Aim of the exercise: Your copy begins at the line with "Cardigan nero sovrapposto" and runs through the end of the data below. Set down only those lines exactly, without pictures.

Information provided:
----
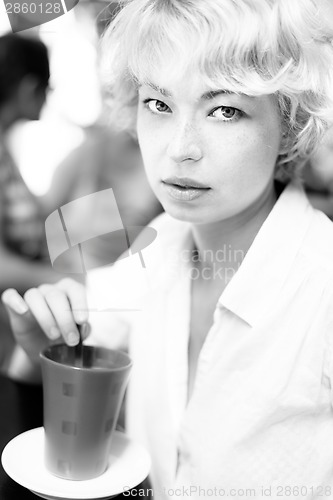 Image of Lady With Cup of Coffee.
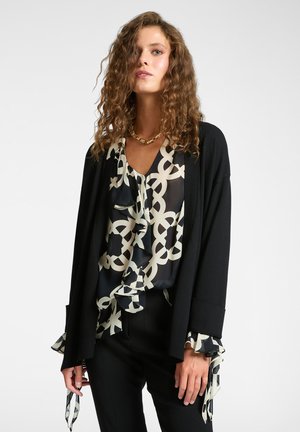 Cardigan nero sovrapposto a una blusa con volant che presenta un motivo geometrico bianco su sfondo nero. Maniche lunghe e decorate.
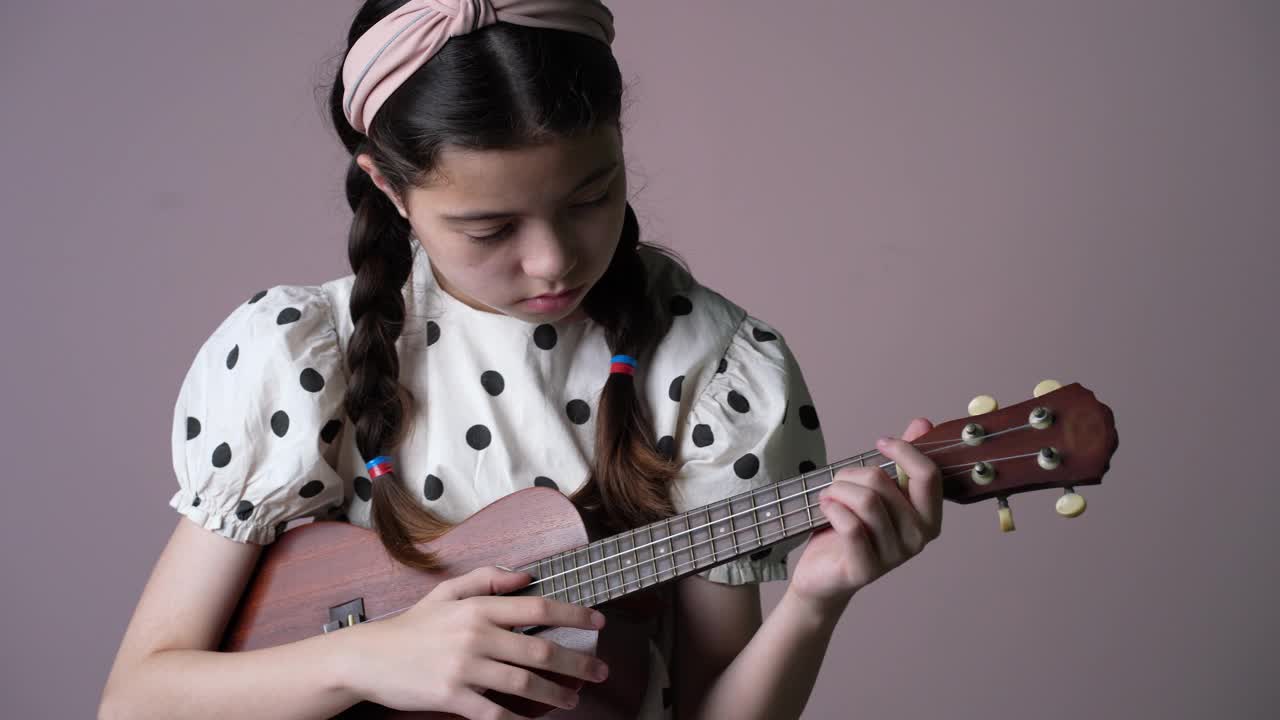 女孩练习尤克里里琴。视频下载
----
Response to this exercise:
 Cardigan nero sovrapposto a una blusa con volant che presenta un motivo geometrico bianco su sfondo nero. Maniche lunghe e decorate.
 女孩练习尤克里里琴。视频下载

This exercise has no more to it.